Slight shifts in the pattern can make all the difference. During December, the huge high-pressure system had backed off to the west, allowing the storm track to dig southward to California. Storms from the Gulf of Alaska hurtled down the West Coast and tapped into tropical moisture from atmospheric rivers at least three times.
Since then, that high-pressure area has mainly shifted back to the east, said Tardy, shutting off the wet storms. But a slight shift to the west brought a storm that dropped a foot of snow on Big Bear during the first weekend of March. It’s a very fine line between wind and precipitation in this pattern, he explained.
This warm air mass is a much stronger block than you would normally expect in the Pacific in January and February, Tardy explained. In fact, he described the weather pattern during Super Bowl week as very similar to the one that brought record heat to the West Coast last summer. The difference, though, is in the magnitude. Because of the season, it couldn’t be as strong as it is during the summer.
Nevertheless, this blocking high has been pushing storms away to the north and east, and for the most part keeping Southern California dry, windy and unseasonably warm. Its position has resulted in a succession of “inside sliders,” or storms that have been forced down the east side of the ridge over the interior West.

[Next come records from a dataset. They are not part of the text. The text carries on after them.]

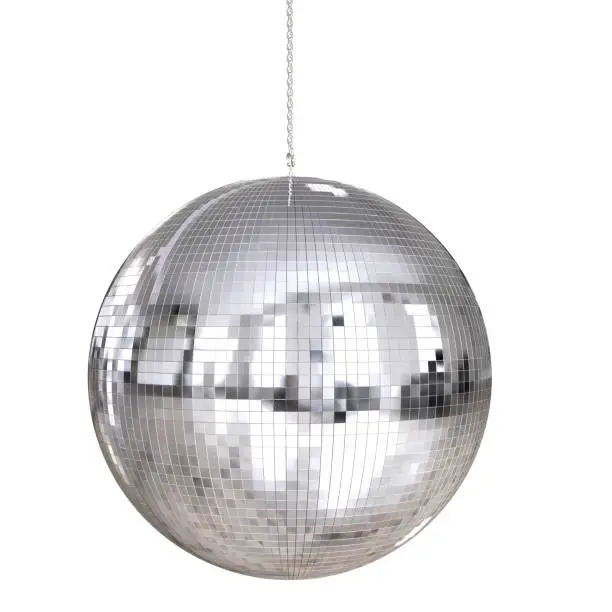 Photo of shiny disco ball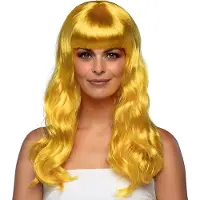 Boland Pruik lang haar chique geel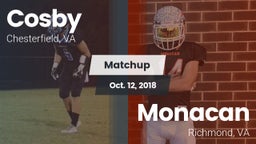 Matchup: Cosby  vs. Monacan  2018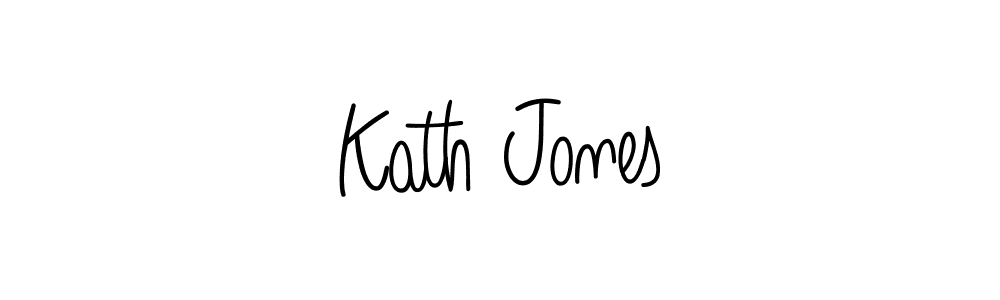 The best way (Angelique-Rose-font-FFP) to make a short signature is to pick only two or three words in your name. The name Kath Jones include a total of six letters. For converting this name. Kath Jones signature style 5 images and pictures png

If these systems were able to come down the West Coast over water, we would probably be talking about a series of wet storms, but since they come down over land, they’re dry.

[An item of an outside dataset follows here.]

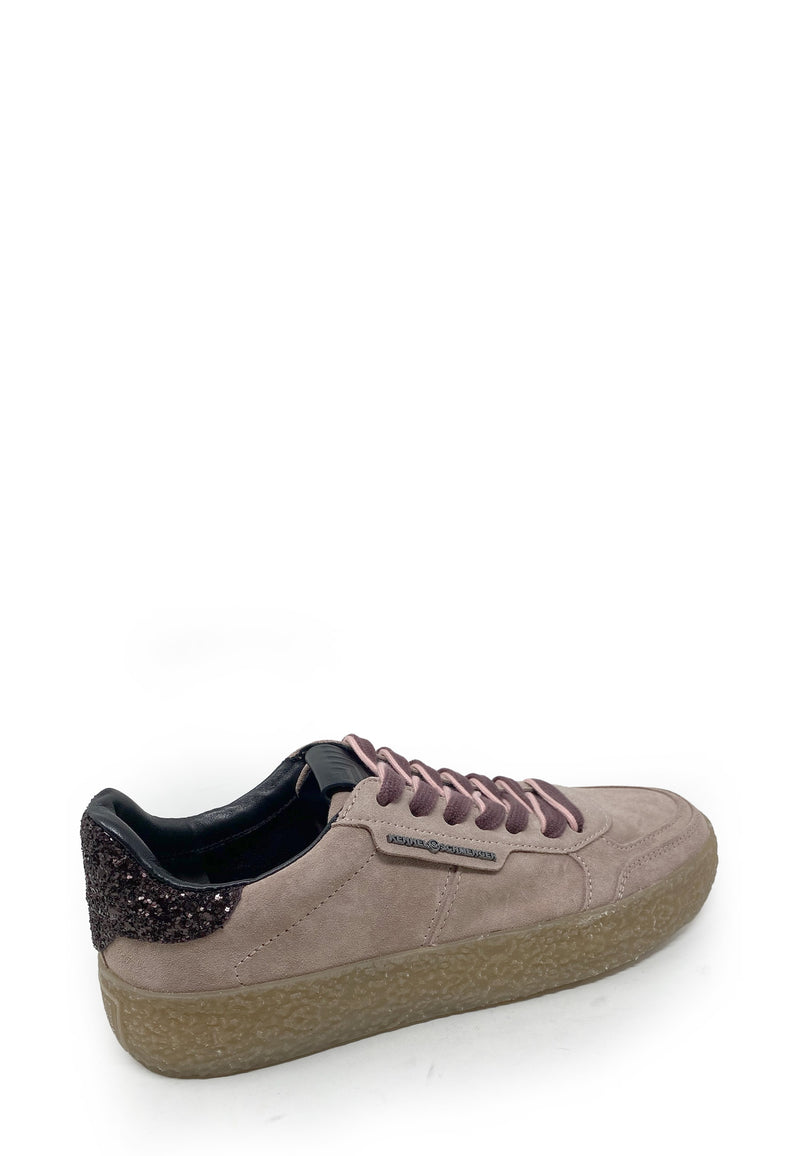 Pit Sneaker | Old Rose Black Suede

As upper troughs pass, they’re followed by high pressure building at the surface. The trough, which moves west to east as part of the jet stream, typically generates sundowner winds in southern Santa Barbara County, then north winds through the Interstate 5 corridor, culminating in the surface high setting up over the interior, often Nevada, and generating the Southland’s infamous northeasterly offshore Santa Ana winds.

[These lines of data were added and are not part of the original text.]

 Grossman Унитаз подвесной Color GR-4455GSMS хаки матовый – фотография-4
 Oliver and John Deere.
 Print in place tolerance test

In this pattern, cold air high in the troposphere, on the west side of the trough, converges and sinks. It starts out at around 30,000 feet, where airliners cruise, and descends to the surface. This creates an area of dry, cold, high-pressure air, pooling in a part of the inland West called the Great Basin, which acts like a big bowl whose sides are formed by mountain ranges. The cold air circulates clockwise and, because the atmosphere is always seeking to restore equilibrium, diverges and flows toward lower pressure.
That lower pressure is found off the Southern California coast. The pressure gradient, or difference, between the high pressure air in the Great Basin and the lower pressure air at the coast creates the Santa Ana winds. A temperature gradient also can come into play. As meteorologist Miguel Miller, also from the San Diego weather service office, points out, a temperature gradient is proportional to the pressure gradient, and a steep temperature gradient steepens the pressure gradient.
This wintry interior air mass is significantly colder than the air at sea level in Southern California. Because cold air is heavier than warm air, gravity plays a role. The Great Basin’s valleys range in elevation from 2,000 to 6,000 feet. So as this air descends toward lower pressure at the coast, it heats up and dries out due to compression.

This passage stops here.